Mustafa Kemal Atatürk, bağımsızlığın kazanılmasında en önemli ve ilk büyük engeli henüz çok genç bir kurmay subay olarak katıldığı Çanakkale Savaşları'nda aştı. Çanakkale'de kazanılan özgüven, emperyalizme karşı verilecek mücadelenin itici gücü oldu. Sonunda elde edilen, inancın zaferiydi, yıkıntılardan genç bir devlet elde edebilmekti.
Çanakkale Savaşları'nı iki aşamada değerlendirmekte yarar var. Bunlardan birincisi, 1914 Temmuzunda başlayan ve kasım ayı başlarında Osmanlı İmparatorluğu'nun da dahil olduğu 1. Dünya Savaşı'nın en kritik döneminde deniz yoluyla İstanbul'a ulaşmaya ve Osmanlı başkentini teslim almaya çalışan İngiliz ve Fransız donanmasının, birçok denemenin ardından kesin sonuç almak amacıyla 18 Mart 1915'de giriştiği saldırıda Çanakkale Boğazı'nın karanlık sularına gömülmesiydi.
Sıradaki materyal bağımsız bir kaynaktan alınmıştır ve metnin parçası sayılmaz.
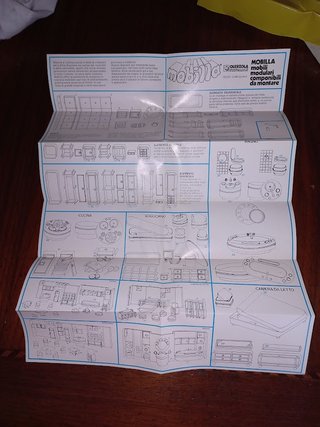 Querzola Mobilla Cameretta Doll Bambola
Türk topçusu ve bahriyelisi Çanakkale Boğazı'nda bir destana imza attı. En büyük gemileri denizin dibini boylayan İngiliz-Fransız donanması geri dönmek zorunda kaldı.
Savaşın ikinci aşaması ise Çanakkale'yi denizden geçemeyeceğini anlayan İngiliz ve Fransız ordularının bu kez 25 Nisan 1915 günü Gelibolu Yarımadası'na çıkarma yapmasıyla yaşandı.
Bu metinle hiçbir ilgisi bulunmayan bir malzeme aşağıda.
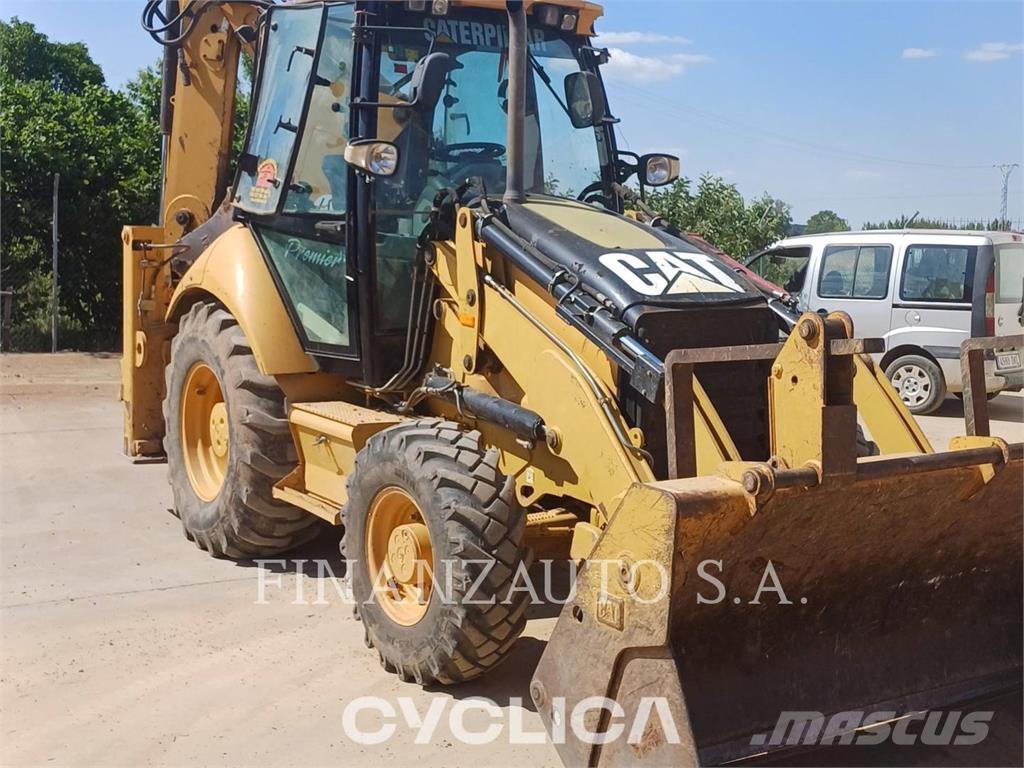 CAT 432F 백호로더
Hint ve A.N.Z.A.C (Avustralya-Yeni Zelanda) birlikleriyle de desteklenen İngiliz ve Fransız orduları Gelibolu Yarımadası'ndaki Türk topçu bataryalarını susturmayı ve böylelikle donanmanın kalan bölümünün Çanakkale Boğazı'nı güle oynaya geçmesini sağlamaya çalıştılar. Düşman askeri Gelibolu Yarımadası'na çıktı çıkmasına ama belli noktalardan fazla ilerleyemedi... Korkunç siper savaşları yaşandı. Yarımadanın her bir karış toprağı, kanla sulandı. Ölüm pahasına vatanını savunan Türk askeri, düşmanın ilerlemesine izin vermedi. 9 ayı aşkın süre devam eden kanlı boğuşma sonrasında İngiliz Harp Kabinesi Gelibolu'dan çekilme kararı verdi. Çanakkale'de zafer Türk ordusunun olmuştu...
GENÇ KUŞAKLARA TAVSİYE
Son zamanlarda moda olan 'Aman Mustafa Kemal adı geçmesin de, kimin geçerse geçsin' yaklaşımının ürünü olarak kaleme alınmış sözde tarih kitapları da (hatta ansiklopedileri) var piyasada. Hiç sıkılmadan, "Mustafa Kemal Bey'in rütbesi ne ki, topu topu bir ihtiyat tümeninin kumandanı, ne yapmış da Çanakkale'de zafer kazanmış? Ordu komutanı, kolordu komutanları ne güne duruyormuş?" veya "Aslında Çanakkale'de Mustafa Kemal'in esamesi okunmuyor. Mustafa Kemal Cumhurbaşkanı olduktan sonra, Çanakkale'de bir zafer icat edildi, zafer de Mustafa Kemal'e mal olundu" diye yazabilenler de var... Aynı kişiler (Aman Mustafa Kemal olmasın da, kim olursa olsun anlayışıyla) zaferin tüm onurunu Osmanlı Devleti'nin 5'nci Ordu Komutanı Liman von Sanders'e yazabilmek için olmadık numaralara başvuruyor, cümlelere takla attırıyorlar...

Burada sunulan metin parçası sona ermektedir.